The papers of George Catlin in the Archives of American Art were digitized in 2005 from 2 reels of microfilm. The papers have been scanned in their entirety, and total 2,360 images.
Image assets for this folder have not been fully processed.
We apologize for any inconvenience.
George Catlin was born in 1796 in Wilkes-Barre, Pennsylvania. Although trained as a lawyer, Catlin quit his law practice and moved to Philadelphia in 1823 to begin a career as a portrait painter. He gained membership in the Pennsylvania Academy of Fine Arts in 1824, but his career in formal portraiture met with little success. In 1830, Catlin embarked upon his lifetime achievement of documenting the lives, customs, and culture of the declining native American population of the Plains. He spent the next six years traveling, drawing, painting, and writing about the Plains Indians. By 1837, he had amassed enough documentation to hold a major exhibition in New York of Catlin's Indian Gallery of Portraits, Landscapes, Manners and Customs, Costumes, etc. The same exhibition, with an added live show, traveled to London in 1842 and Paris in 1845, where it was met with rave reviews.

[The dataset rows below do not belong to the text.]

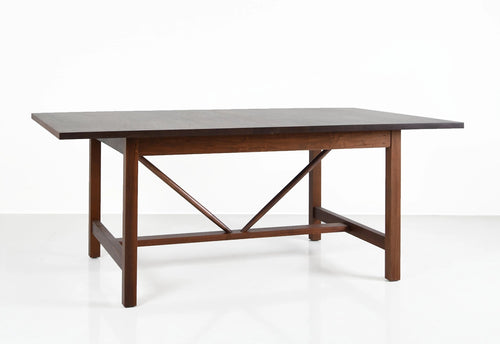Wooden dining table with a gray top on a white background _plp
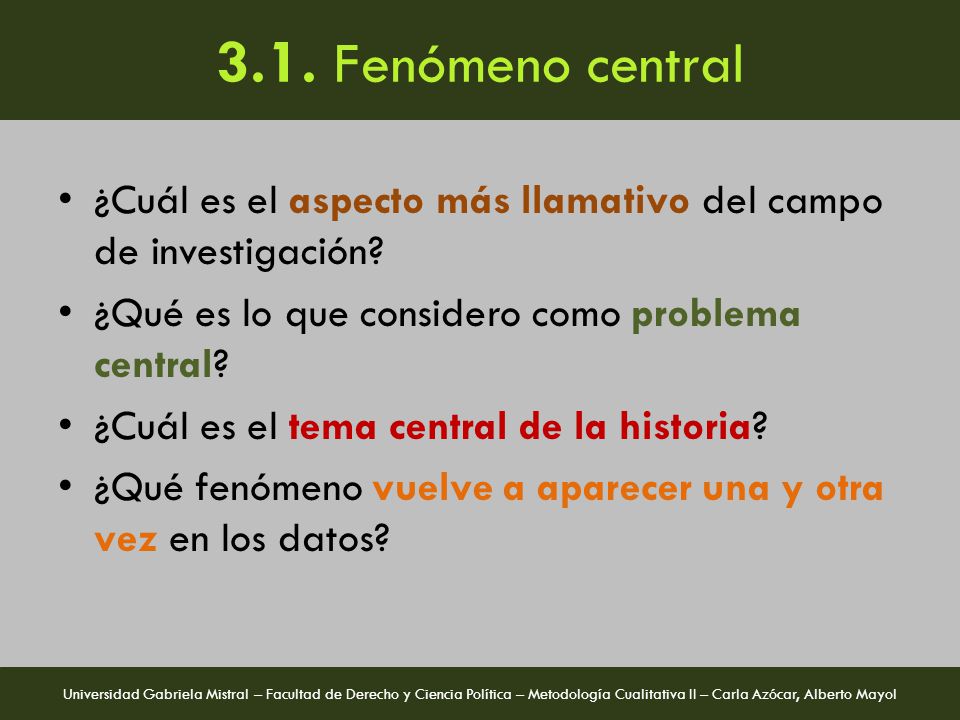3.1. Fenómeno central ¿Cuál es el aspecto más llamativo del campo de investigación ¿Qué es lo que considero como problema central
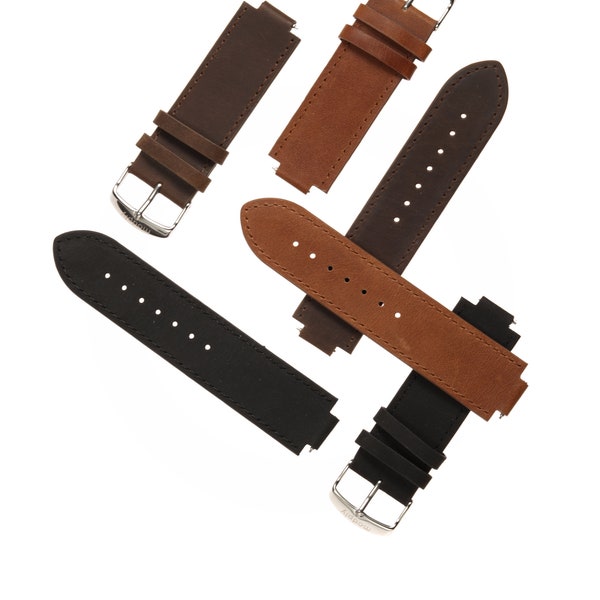 Modply Women's Replacement Leather Watch Band for Modply Cascade Collection Watches - Corner Notched Watch Strap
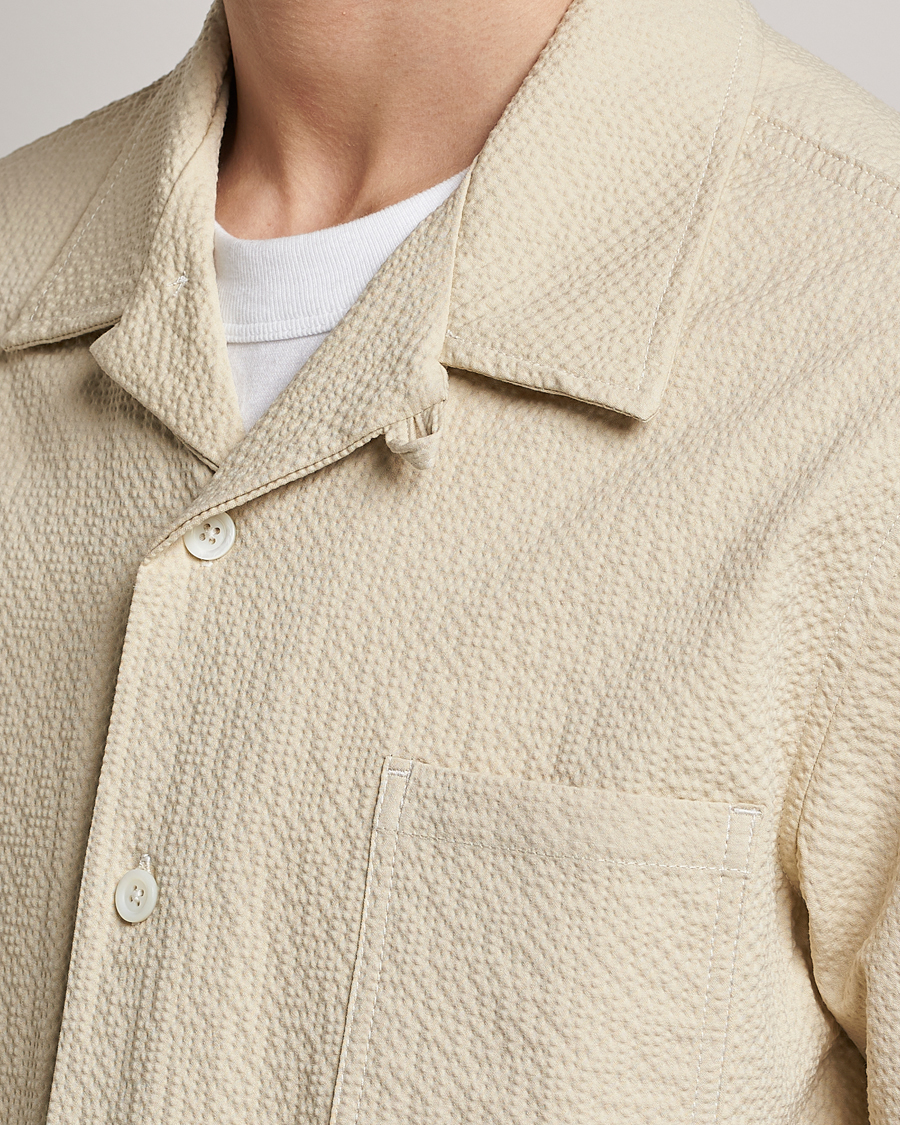 Homme | Chemises | Howlin' | Short Sleeve Cotton Seersucker Shirt Ecru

Catlin spent the remainder of his life gathering support for the sale of the Indian Gallery to the U.S. Congress. Between 1841 and 1842, at his own expense, Catlin wrote and published his two volume set Letters and Notes on the Manners, Customs, and Condition of the North American Indians. He also wrote numerous petitions and "memorials" to Congress, often including statements from national and international reputable supporters, such as Daniel Webster, General Lewis Cass, the Joint Committee on the Library (of Congress), and the American Ambassador to France. The Smithsonian Institution's first Secretary Joseph Henry strongly supported congressional acquisition of Catlin's work and even provided Catlin with a small studio in the Castle building. All of the appeals to the government for the purchase of the collection were, in the end, unsuccessful and Catlin died almost penniless in 1872.